BEGIN Records

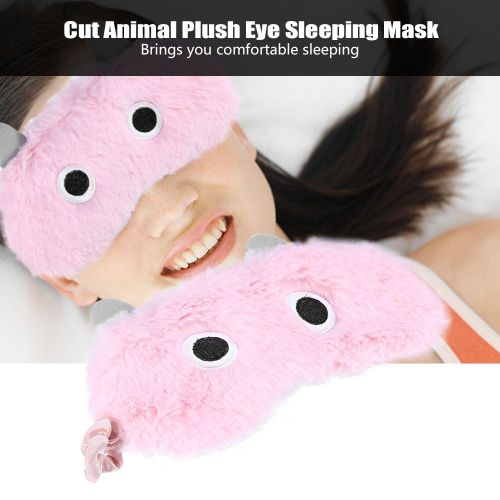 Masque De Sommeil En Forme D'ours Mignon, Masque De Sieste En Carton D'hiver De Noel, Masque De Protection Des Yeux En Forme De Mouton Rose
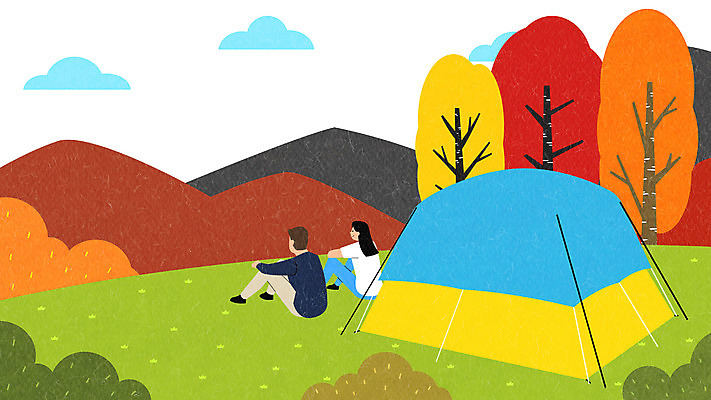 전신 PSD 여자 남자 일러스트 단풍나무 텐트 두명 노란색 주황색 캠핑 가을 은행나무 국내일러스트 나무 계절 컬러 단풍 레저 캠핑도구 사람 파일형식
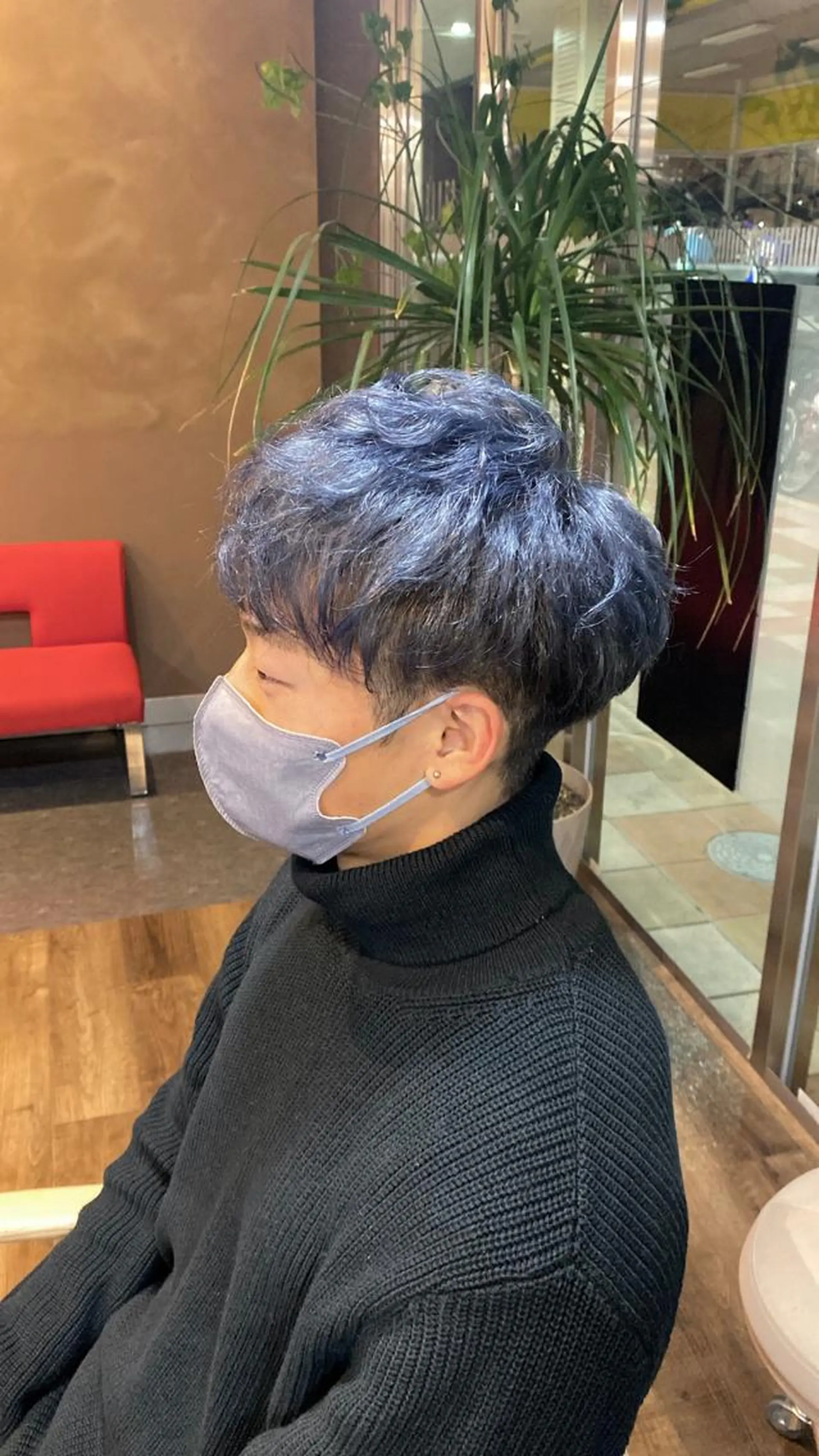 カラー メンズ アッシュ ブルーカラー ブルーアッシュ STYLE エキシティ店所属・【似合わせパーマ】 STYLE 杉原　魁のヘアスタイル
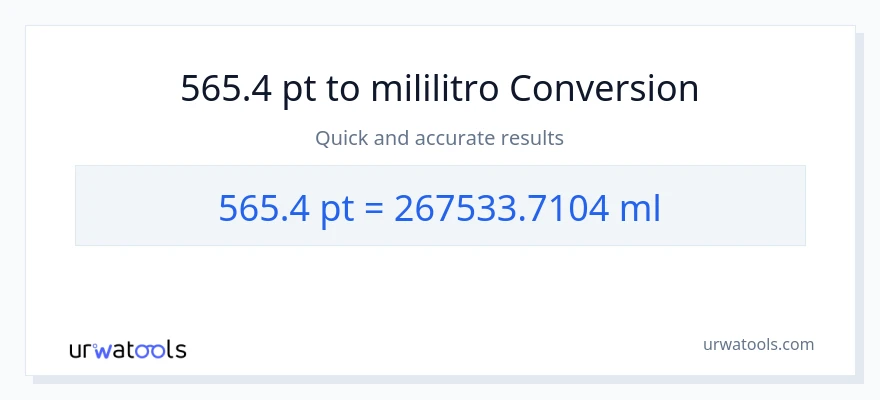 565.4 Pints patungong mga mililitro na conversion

END Records
BEGIN Records

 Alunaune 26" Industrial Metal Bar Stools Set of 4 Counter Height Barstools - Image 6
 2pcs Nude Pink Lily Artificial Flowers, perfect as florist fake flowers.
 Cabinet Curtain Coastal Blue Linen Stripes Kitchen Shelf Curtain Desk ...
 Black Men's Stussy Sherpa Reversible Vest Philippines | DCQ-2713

END Records
BEGIN Records

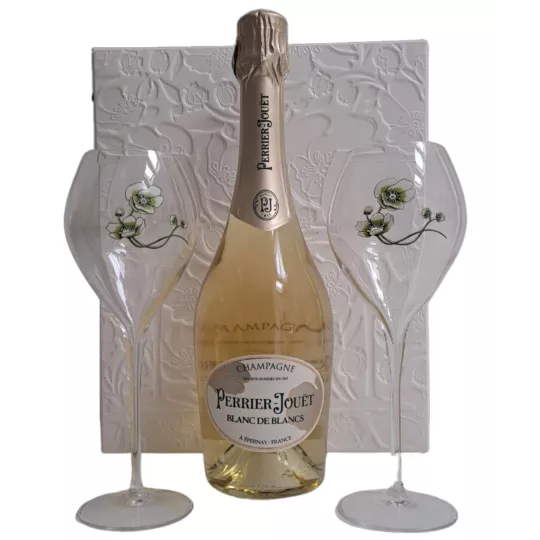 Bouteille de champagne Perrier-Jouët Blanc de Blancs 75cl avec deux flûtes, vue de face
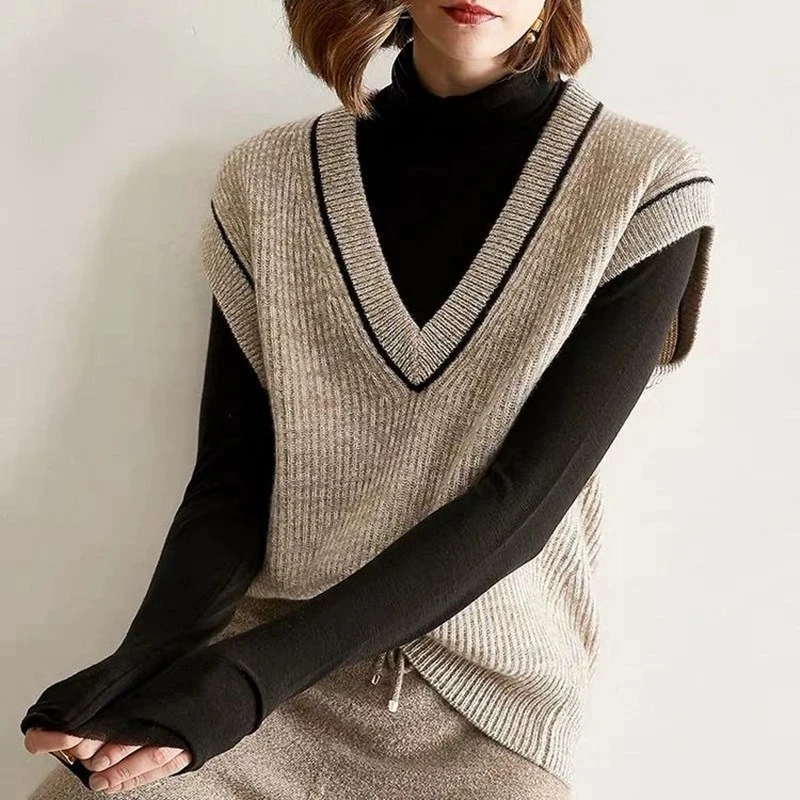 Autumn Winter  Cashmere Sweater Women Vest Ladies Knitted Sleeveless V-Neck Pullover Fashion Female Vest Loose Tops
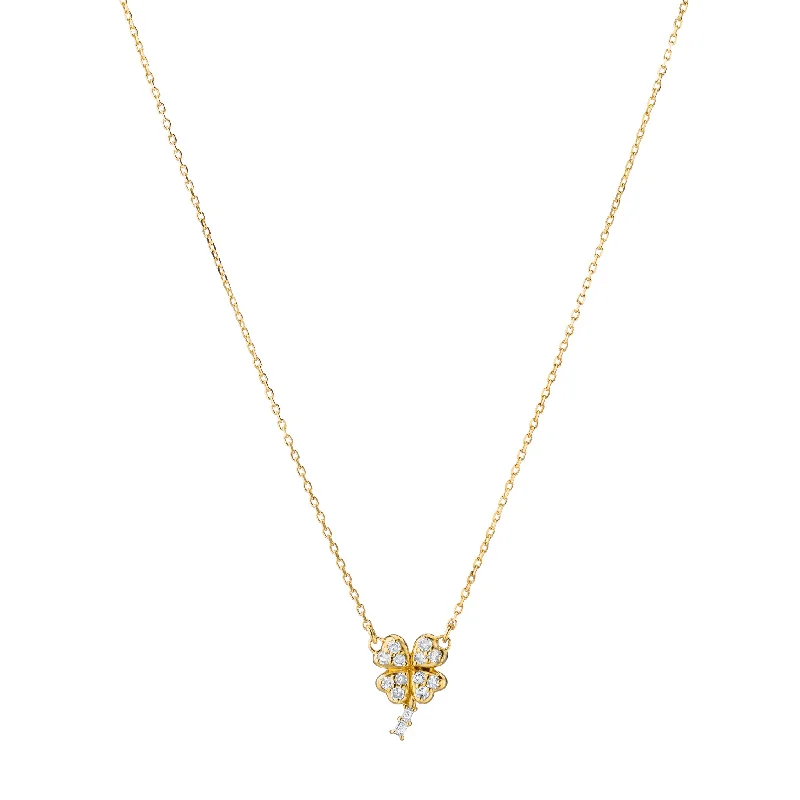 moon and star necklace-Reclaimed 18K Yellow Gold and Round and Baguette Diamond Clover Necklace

END Records

--- What you need to do ---
Look back at the data above, then output exactly the lines from the line holding "전신 PSD 여자 남자" up to and including the line holding "565.4 Pints patungong". Leave out the pictures.

--- The answer ---
 전신 PSD 여자 남자 일러스트 단풍나무 텐트 두명 노란색 주황색 캠핑 가을 은행나무 국내일러스트 나무 계절 컬러 단풍 레저 캠핑도구 사람 파일형식
 カラー メンズ アッシュ ブルーカラー ブルーアッシュ STYLE エキシティ店所属・【似合わせパーマ】 STYLE 杉原　魁のヘアスタイル
 565.4 Pints patungong mga mililitro na conversion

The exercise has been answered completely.